- Promotional poster for Broadway
- Original language: English
- Written by: Matthew Lombardo
- Setting: Summer of 1965

Premiere
- Official website

= Looped =

2010 play by Matthew Lombardo

Looped is a play by Matthew Lombardo about an event surrounding actress Tallulah Bankhead. It had a Broadway run in 2010, after two previous productions in 2008 and 2009, all three of them featuring Valerie Harper.

==Plot==
Based on a real event, Looped takes place in the summer of 1965, when an inebriated Tallulah Bankhead needed eight hours to redub, or "loop", one line of dialogue for her last movie, Die! Die! My Darling!: "And so Patricia, as I was telling you, that deluded rector has in literal effect closed the church to me." Though Bankhead's outsized personality dominates the play, the sub-story involves her battle of wills with a film editor named Danny Miller, who has been selected to work that particular sound editing session.

==Productions==
The first performance of Looped was as a January 8, 2007 New World Stages reading, with Elizabeth Ashley as Tallulah Bankhead and Neal Huff as Danny Miller.

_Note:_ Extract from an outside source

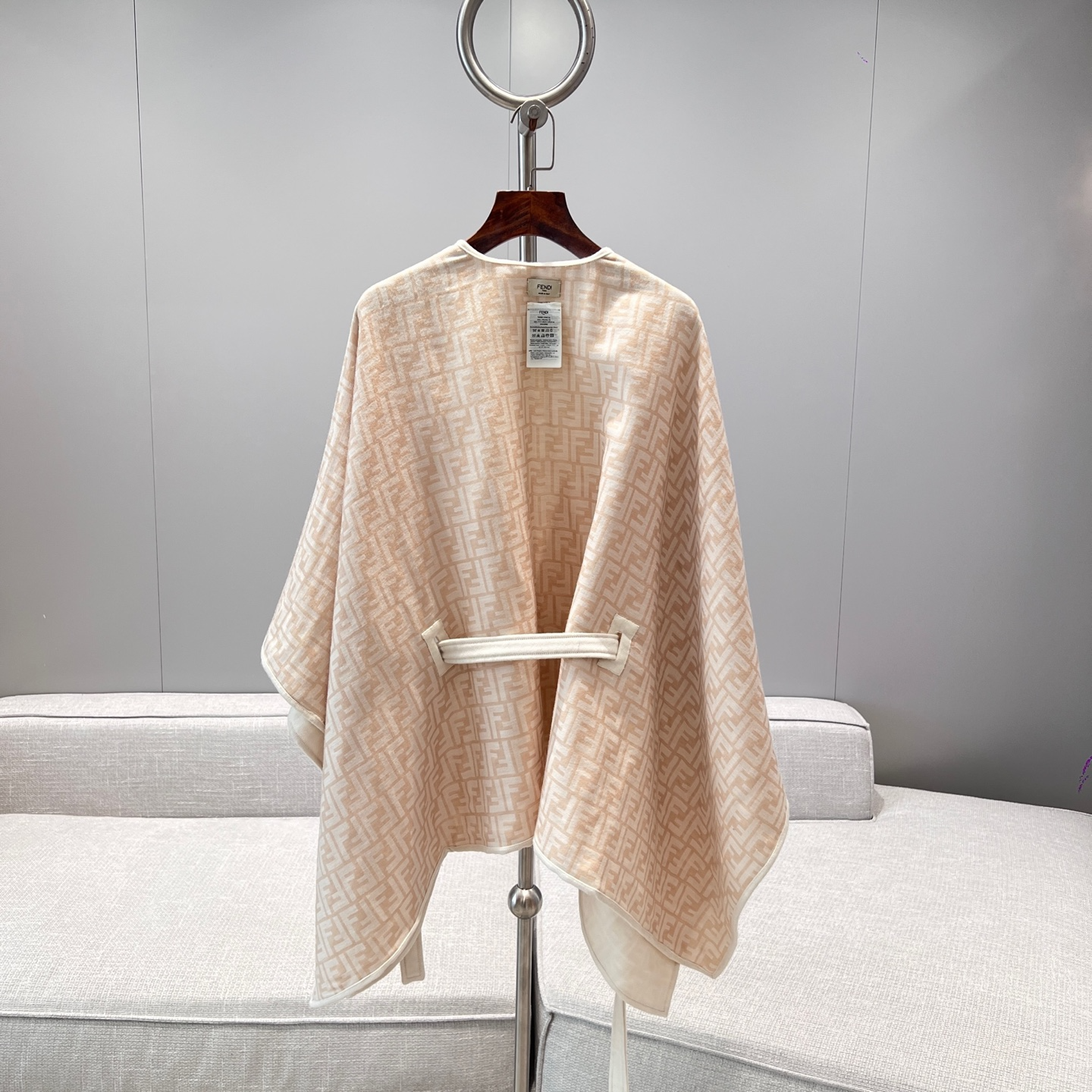 FENDI Женское пончо с поясом FENDI Женское пончо с поясом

In 2008 the play's writer Matthew Lombardo pitched Looped to Valerie Harper - who Lombardo states he envisioned as Tallulah Bankhead when he wrote the play. Harper invited Rob Ruggiero, who in 1998 had directed her off-Broadway in All Under Heaven, to helm Looped, which premiered at the Pasadena Playhouse, Pasadena, California in the summer of 2008. According to Harper, "When the show ran in Pasadena, we got a lot of feedback that the first act was uproariously funny, and the second act was very, very dark. It was almost like two separate plays. Since then...Matthew Lombardo...has added more depth and context to the first act, and more laugh lines to the second act. It’s now a much more cohesive journey."

With Harper reprising her role, the rewritten Looped would play 2009 engagements at the Cuillo Centre for the Arts in West Palm Beach, Florida, and at the Arena Stage of the Lincoln Theater (Washington D.C.). Created by Chad Allen in Pasadena, the role of Danny Miller would be played in West Palm Beach and Washington D.C. by Jay Goede.

It was announced in December 2009 that Harper would be reprising her starring role in Looped in a Broadway production of the play which, as scheduled, began preview performances at the Lyceum Theatre on February 19, 2010, to officially open on March 14, 2010. Directed by Rob Ruggiero, who had helmed the play's prior engagements, the Broadway production of Looped featured Brian Hutchison and Michael Mulheren: its creative team including Adrian W. Jones (sets), William Ivey Long (costumes), Ken Billington (lighting), and Michael Hooker (sound). The Broadway production of Looped typically drew glowing notices for Harper but not the play, exemplified by Asbury Park Press critic Bill Canacci's assessment: "Harper...is consistently excellent. [...] Too bad she did not have better material. [...] This a long two hours [that] even with Harper's performance [is] not worth watching". Looped would prove a Broadway flop, closing after 33 performances and 27 previews on April 11, 2010, the play unable to survive for the remaining three weeks until the announcement of the Tony Award nominations. Harper received a Tony nomination for Best Performance by a Leading Actress in a Play and was considered a deserving contender in a strong field, although Viola Davis (Fences) was favored to win (and did).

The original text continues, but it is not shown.